Seit 1588 hatten alle Professoren der am 17. August
1544 von Herzog Albrecht gestifteten Universität das Privileg,
an der Nordwand des Doms in einer offenen Arkadenhalle beigesetzt
zu werden angesichts ihrer Wirkungsstätte, des den Domhof
längs des Pregels begrenzenden Albertinums. Dieses Privileg
ging zurück auf eine Schenkung des Professors D.U.J. Paul Krüger
von 1587.
So wurde auch Immanuel Kant in dieser Halle am 28.
Februar 1804 dem Schoß der Erde übergeben, sechzehn Tage
nach seinem Tode, während derer der treue Ehregott Andreas
Christian Wasianski die Leiche im ehemaligen Eßzimmer seines
Hauses Prinzessinstraße 2 den Mitbürgern zur letzten
andächtigen Schau freigegeben hatte.
Von den wahrhaft großartigen Begräbnisfeierlichkeiten,
die der überragenden Bedeutung Kants entsprachen, soll hier
nicht die Rede sein, nur sei erwähnt, daß der schöne
Sarg vergoldete Griffe in Gestalt geringelter Schlangen und zwei
ovale Platten hatte: die eine trug die Aufschrift:
Cineres mortales immortalis Kantii,
die andere:
Orbi datus d. XXII. Aprilis 1724 ereptus d. XII.
Febr. 1804.
Gemäß der Polizeiverordnung, niemanden
mehr innerhalb der Stadtmauern zu begraben, wurde bald nach Kants
Begräbnis das Professorengewölbe geschlossen.
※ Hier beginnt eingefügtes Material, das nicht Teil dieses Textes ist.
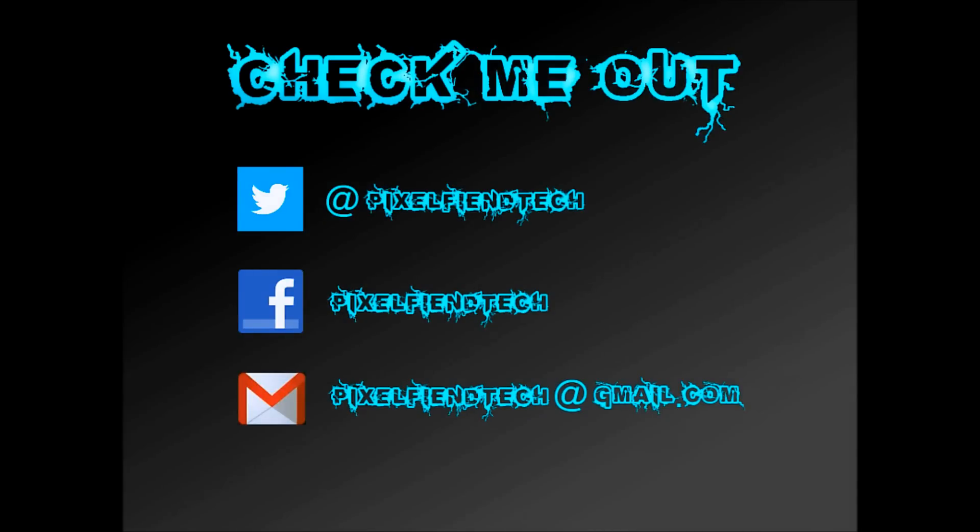Guys, that's the end of the video — thank you very much for watching. Please like and subscribe to my channel, also head over to Facebook and Twitter — my names are on screen and I'll also put links down in the description. If you've got any questions you'd like to ask, please leave a comment or email me at the address on screen. Thanks for watching, see you.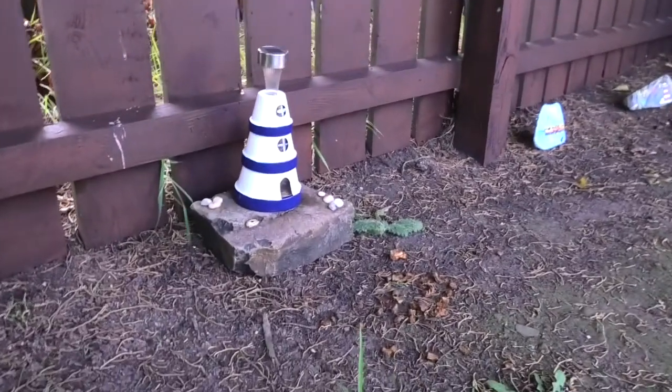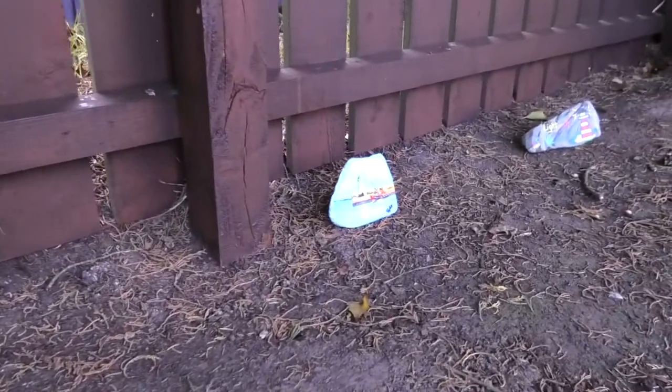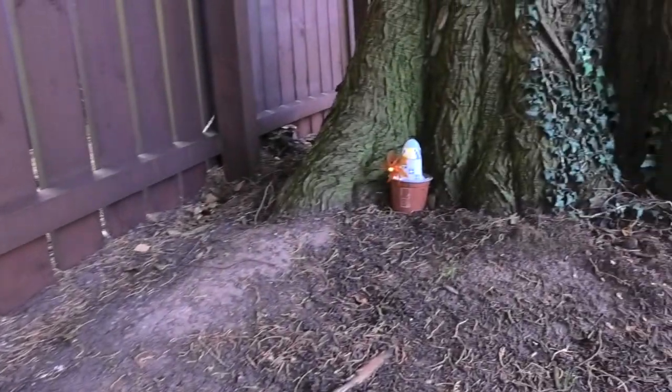I didn't paint this one — I bought it, so I cheated — but I would love you to get a stone and maybe paint a lighthouse on it. What we'll do is put them around this area of the garden that I've set aside. I've got three lighthouses already on stumps of trees.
Schon fünf Jahre nach seiner Beisetzung ließ
indes Kants Freund und Tischgenosse, Kriegsrat Joh. George Scheffner,
über dem Professorengewölbe einen 135 Fuß langen
und 15 Fuß breiten Wandelgang, ausgelegt mit Ziegeln, bauen
und mit einem einfachen Ziegeldach decken. über dem Haupteingang
außen ließ er in großen Lettern die Worte "Stoa
Kantiana" anbringen, innen aber das von ihm und Süvern
gedichtete Distichon:
"Hier, von den Geistern umschwebt, ehrwürdiger
Geister der Vorzeit Sinne, daß, Jüngling, auch dich rühme
noch spätes Geschlecht!"
Die schmale Ostseite dieser Stoa wurde durch ein
Gitter kapellenartig abgegrenzt, über Kants Grab ein Sandsteinblock
gesetzt mit der Inschrift: "Sepulcrum Immanuelis Kant"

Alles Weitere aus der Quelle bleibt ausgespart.